In the end, it is always about:

  • clearly hearing the needs of the other person
  • clearly articulating what you heard
  • clearly articulating your needs

When that happens, both sides are normally able to see the other person as human being. Which means that it then becomes possible to resolve the conflict.

And yes, it isn't easy. The biggest problem is to realize what true needs are.

Of course, spirituality and self awareness help, too.

As soon as you realize that you aren't your emotions, and that you are also not the voice in your head that keeps talking about the other person... When you are at that level you are able to distance yourself from those aspects of your personality. Which makes interacting with others so much easier.

  • 3
    This is absolutely true. It's also challenging to do in a medium that discourages conversations. – rockwalrus-stop harming Monica Nov 16 at 16:19
  • Why is the biggest problem to realize what true needs are? I think that I understand the rest but not this part. – Trilarion Nov 17 at 9:54
  • 1
    @Trilarion see compassionateinteractions.com/needs.php for example. Albeit the best introduction I know: to listen to the audio version of Rosenberg reading his own book. Alternatively, there are plenty of good videos on YouTube for free. And note: unfortunately, many people learning about nvc look at it as a set of rules to follow. Avoid that. It is not a way to manipulate or coerce others. Just a very helpful framework to improve the quality of you communication. – GhostCat says Reinstate Monica Nov 17 at 11:31
5

I think the critical thing is empathy and self awareness.

I guess handling these from the other end of the screen may give the a different perspective of course.

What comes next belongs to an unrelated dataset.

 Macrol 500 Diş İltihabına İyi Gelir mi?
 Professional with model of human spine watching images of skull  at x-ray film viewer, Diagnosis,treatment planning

Empathy lets us consider the effect of our words on others. Self awareness lets us moderate ourselves - and lets us consider the effect our emotions have on our words.

We're human. We lose out tempers, we act on impulse. We often feel like we absolutely need to get the last word in or else we have lost. I for one have had times I've nearly gone full angry, and had to take a walk or a longer break to deal with it.

I often have folks ask me to explain why something was rude (and these often start with a flag from another user) - we've moved to trying to specific guidence where possible, so in theory folks have an idea what was the thing causing the trouble.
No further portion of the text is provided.